Right to reproductive health, including family planning and maternal health services, and Right to marry and found a family in the Universal Declaration of Human Rights (1948).

Persons with disabilities should not be denied the opportunity to experience their sexuality, have sexual relationships and experience parenthood. (UN Convention on the Rights of Persons with Disabilities, 2006)

International rights to access public transport in Chile (see, also Steven E. Brown's chapter in new book, Public Administration and Disability at http://www.crcpress.com/9781466579811)

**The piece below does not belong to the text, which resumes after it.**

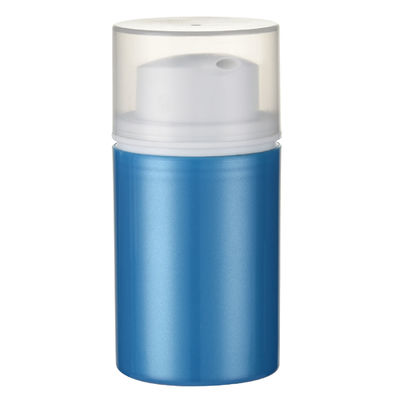 Harga bagus Botol Kosmetik PP Tanpa Udara 50ml 100ml Finishing Matte on line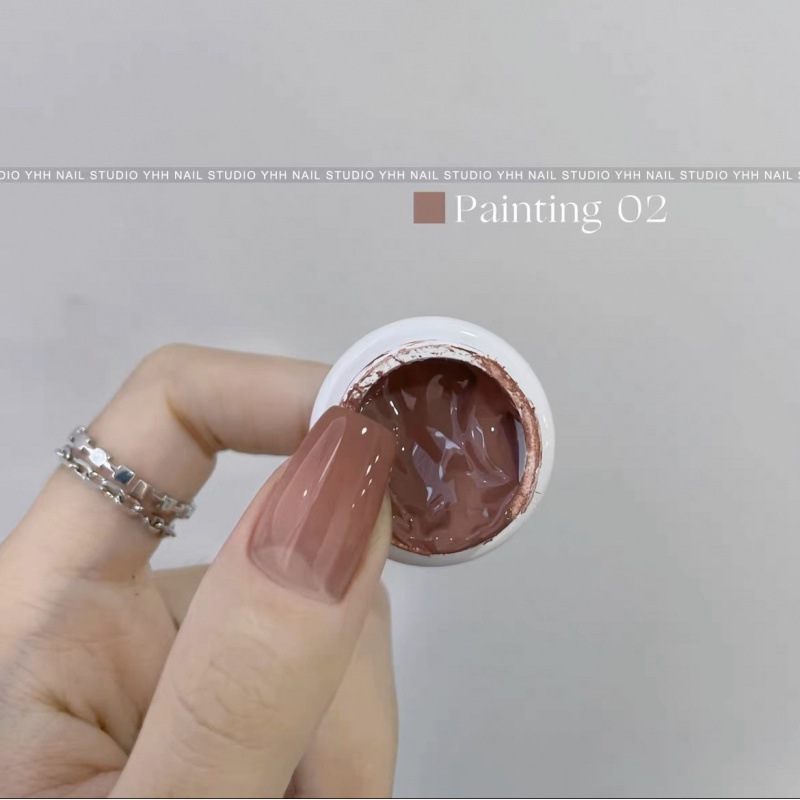 Yinghe パットダイヤモンド接着剤春夏秋シリーズ爆発キャットアイ接着剤マニキュアカラーグル機能性接着剤カラーボード|undefined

The premise underlying equality of opportunity is that everyone regardless of race, gender, disability, or other relevant personal characteristics, should have an equal opportunity and access to participate and exercise politial, social, economic and cultural rights.  (compared to equal treatment)

However, one must always recall in courts and law that:
Aristotle: "treating equals equally and unequals unequally" undergirds the peer concept and structures in disability and education fields.

And that the depth of work in these fields and cases influences all people in the US and multinationally (e.g., National Councils on Disabilty as multisectoral organizations, and involvement with Ministries of Education, Labour and Social Provision, Women and Family, Housing, Transport and Planning, Finance and Economics, and Foreign Relations per Marie Soledad Cisternos).

References:
McSherry, B. & Freckelton, I. (2013). Coercive Care: Rights, Law and Policy. London and New York: Routledge.

Racino, J.A. (2015). Public Administration and Disability: Community Services Administration in the US. London: CRC Press, Francis and Taylor.

Rioux, M., Basser, L.A., & Jones, M. (2011). Critical Perspectives on Human Rights and Disability Law. Leiden & Boston: Martinus Nijhoff Publishers.